Erdlicht! Ihr Menschen würdet nichts sehen als Dunkelheit, eine schwarze, schwüle Nacht, durch die ferne, unheimliche Feuer aufbrennen, durch die graugelbe Dampfschwaden ziehen und bläuliche Strahlungen phosphoreszieren.

Wichtelchenaugen sind glücklicher.

Ich sah, daß es Tag war, nicht ganz so heller Tag wie auf der Erde; etwa wie das Licht eines bewölkten Sommermittags so war's.

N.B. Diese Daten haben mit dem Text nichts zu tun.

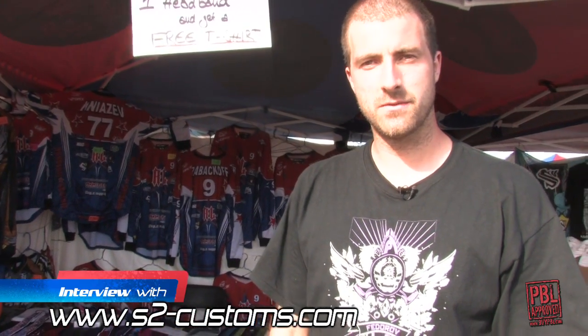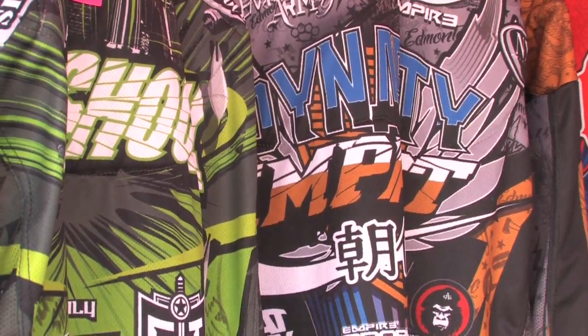I'm ready. Hey, I'm Eric of Style Supply. We're a custom jersey company from Germany and this is our first time at the Orlando World Cup.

Ich war nicht in einer Höhle, ich war in einem weiten, unübersehbaren Lande. Dort, wo sich der Blick verlor, baute sich ein blaues Gebirge auf, davor lag ein schimmernder See, aus dem strahlten tausend farbige Springbrunnen zur Höhe. Und um den See waren blaue, weiße, gelbe, rote Hügel, darüber rannen bunte Bäche. Durch langgestreckte Landzungen und kleine Inseln war der See in viele Becken geteilt.

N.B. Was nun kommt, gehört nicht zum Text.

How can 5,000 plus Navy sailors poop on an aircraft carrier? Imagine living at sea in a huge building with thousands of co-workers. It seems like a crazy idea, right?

»Der See der Gesundheit,« sagte mein Begleiter. Ich fragte ihn nicht nach seiner Bedeutung, ich sah zuviel Neues.

Da war ein Gebirge, das leuchtete wie die Schneefirnen, wenn sie im Abendglühen liegen, da war ein anderes, das schimmerte wie grünes Glas. Ein breiter Strom ging durchs Land, daran lagen viel tausend Zelte und Häuser, und über alles spannte sich eine riesige braune Himmelskugel.

Ich starrte hinauf und wußte nicht, was das sei.

»Ist denn das Erde?« fragte ich Herrn von Stimpekrex und wies hinauf.

»Gewiß,« sagte er stolz, »wir haben einen massiven Himmel.«

»Und Sonne, Mond und Sterne?«

»Haben wir nicht! Brauchen wir auch nicht! Wir haben ein Landesgesetz, das bestimmt ganz genau, welche Zeit als Tag und welche als Nacht anzusehen ist.«

»Aber es ist immer gleich hell?«

»Immer! Ist aber egal, Nacht und Tag müssen wir doch haben.«

»Wo kommt aber das Licht her?«

»Das sollten Sie sich eigentlich denken können! Den ganzen Tag trinkt die Erde Himmelslicht, sie trinkt es mit Millionen Poren, sie trinkt es durch jeden hohlen Blumenhalm, sie saugt es auf mit ihren blauen Augen, mit Meer und See; selbst in der Nacht, wenn Mond und Sterne scheinen, trinkt sie Licht, wie ein gesundes, vielhungriges Kindlein trinkt im Traum. Wo kommt all das Licht hin, das die Erde trinkt? Es ist hier unten bei uns.«

»O, das ist gut,« sagte ich; »das ist gut!«

»Ja,« fuhr mein Begleiter fort, »und was nun die Jahreszeiten anbelangt, so sind wir eigentlich in Verlegenheit. Es ist bei uns nämlich immer gleich warm. Da haben wir denn auch wieder ein Landesgesetz, das bestimmt, wenn Sommer und wenn Winter ist. Im allgemeinen richten wir uns nach dem benachbarten und befreundeten Deutschland. Jetzt haben wir auch Winter, das heißt also gesetzlichen Winter. Die Eisenbahnverwaltung läßt jetzt die Waggons heizen, und wenn jetzt jemand barfuß ginge oder Vanille-Eis äße, dann würde er sich strafbar machen. Sie werden das alles sehr praktisch und verständig finden.«

»Nein,« sagte ich, »ich kann nicht begreifen, wozu alle diese Maßnahmen sind, wenn es doch immer gleich warm ist.«

Der kleine Herr sah mich ärgerlich an.

»Was wollen Sie? Wir müssen doch Abwechselung haben; wir sind weder Wüsten- noch Nordpolbewohner; wir müssen absolut Abwechselung haben, schon der Geschäfte wegen, die eine Sommer- und Wintersaison brauchen. Ich rate Ihnen, Herr Doktor Barragu, stellen Sie sich nicht auf die Seite der Opposition. Das würde Ihnen furchtbar schaden!«

»Was heißt das?« fragte ich bestürzt.

»Verstehen Sie etwas von Politik?« fragte er zurück.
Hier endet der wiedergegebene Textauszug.